_Prompt:_ Repeat exactly what runs from the line with "A completed Victorian" through the last line of the material, and keep the pictures out of it.

Data shown START

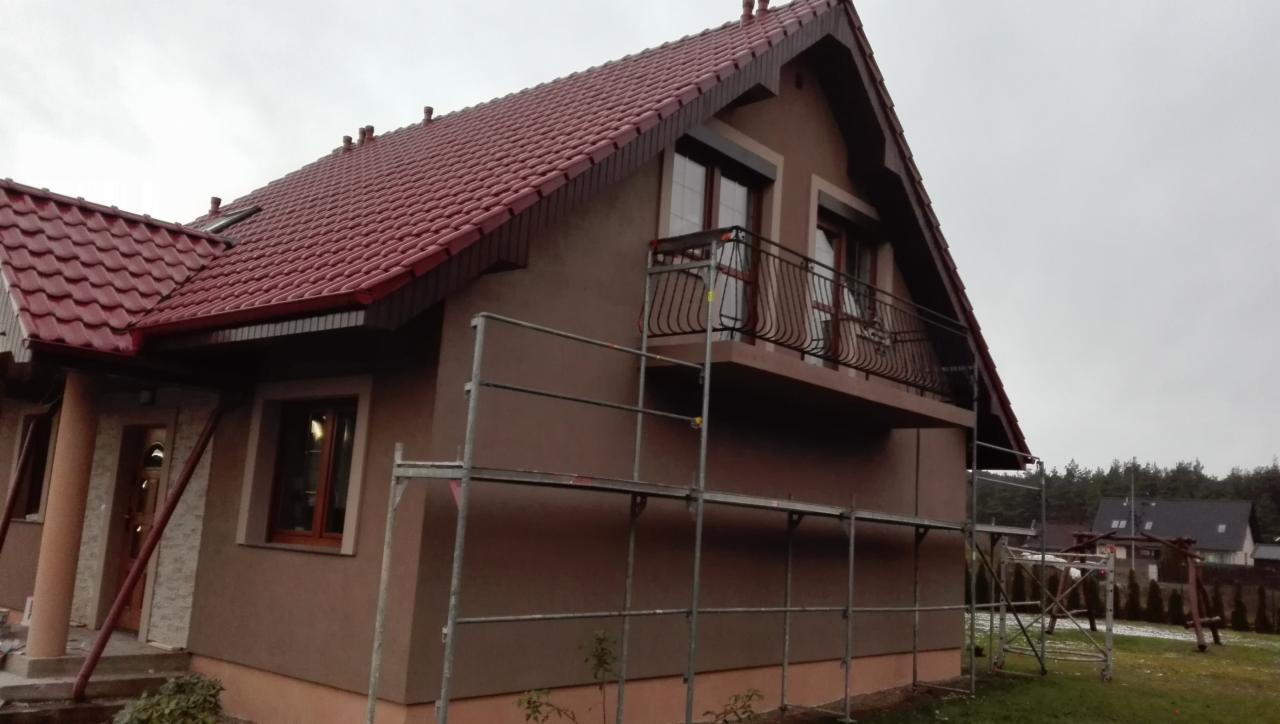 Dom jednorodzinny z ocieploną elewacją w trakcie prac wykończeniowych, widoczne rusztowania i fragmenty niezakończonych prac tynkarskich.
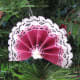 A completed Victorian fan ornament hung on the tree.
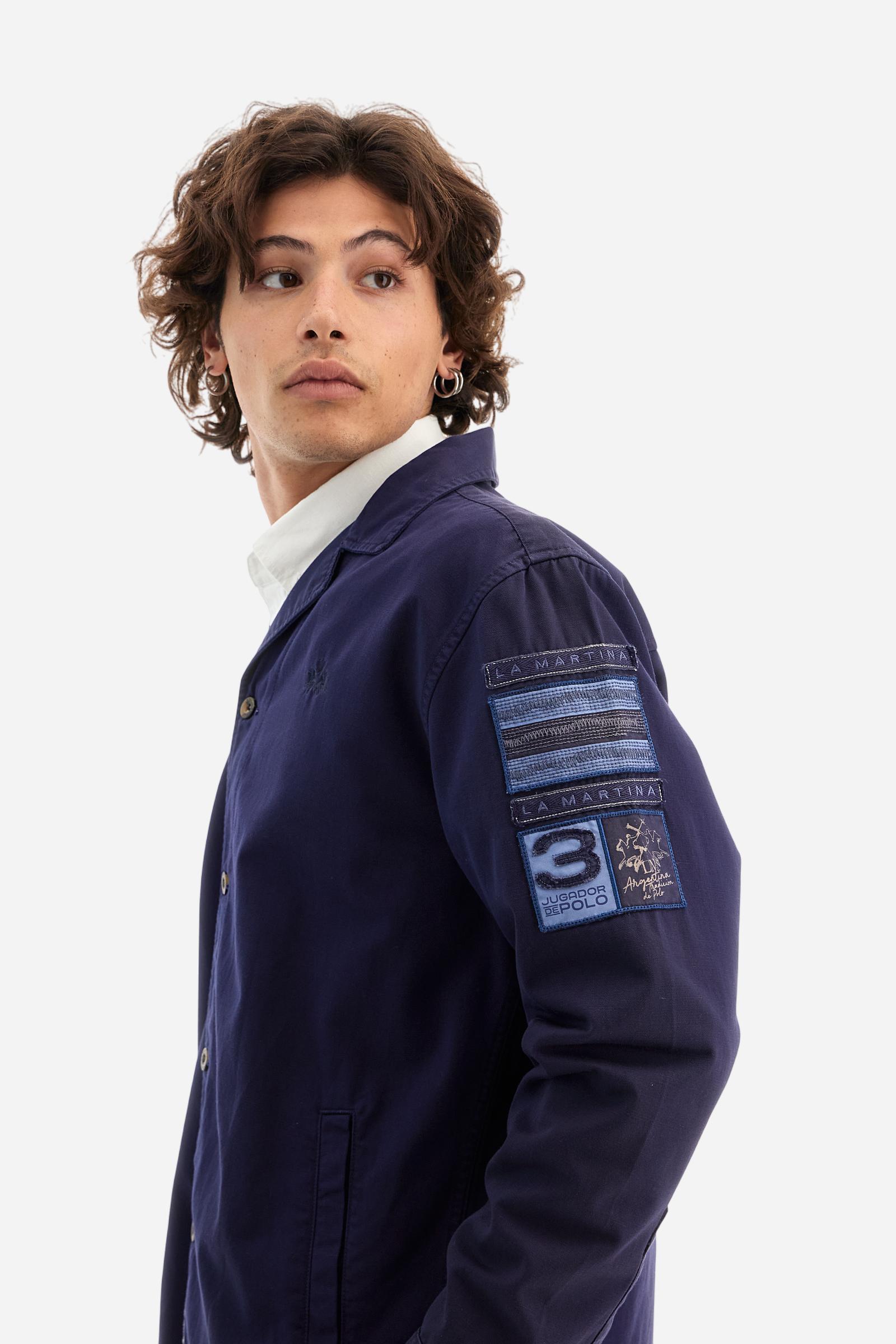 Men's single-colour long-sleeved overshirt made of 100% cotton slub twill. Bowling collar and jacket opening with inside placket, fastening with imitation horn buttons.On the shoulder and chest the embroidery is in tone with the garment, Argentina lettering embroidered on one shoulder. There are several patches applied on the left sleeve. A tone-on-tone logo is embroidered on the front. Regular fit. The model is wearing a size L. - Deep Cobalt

Data shown END

_Response to this exercise:_
 A completed Victorian fan ornament hung on the tree.
 Men's single-colour long-sleeved overshirt made of 100% cotton slub twill. Bowling collar and jacket opening with inside placket, fastening with imitation horn buttons.On the shoulder and chest the embroidery is in tone with the garment, Argentina lettering embroidered on one shoulder. There are several patches applied on the left sleeve. A tone-on-tone logo is embroidered on the front. Regular fit. The model is wearing a size L. - Deep Cobalt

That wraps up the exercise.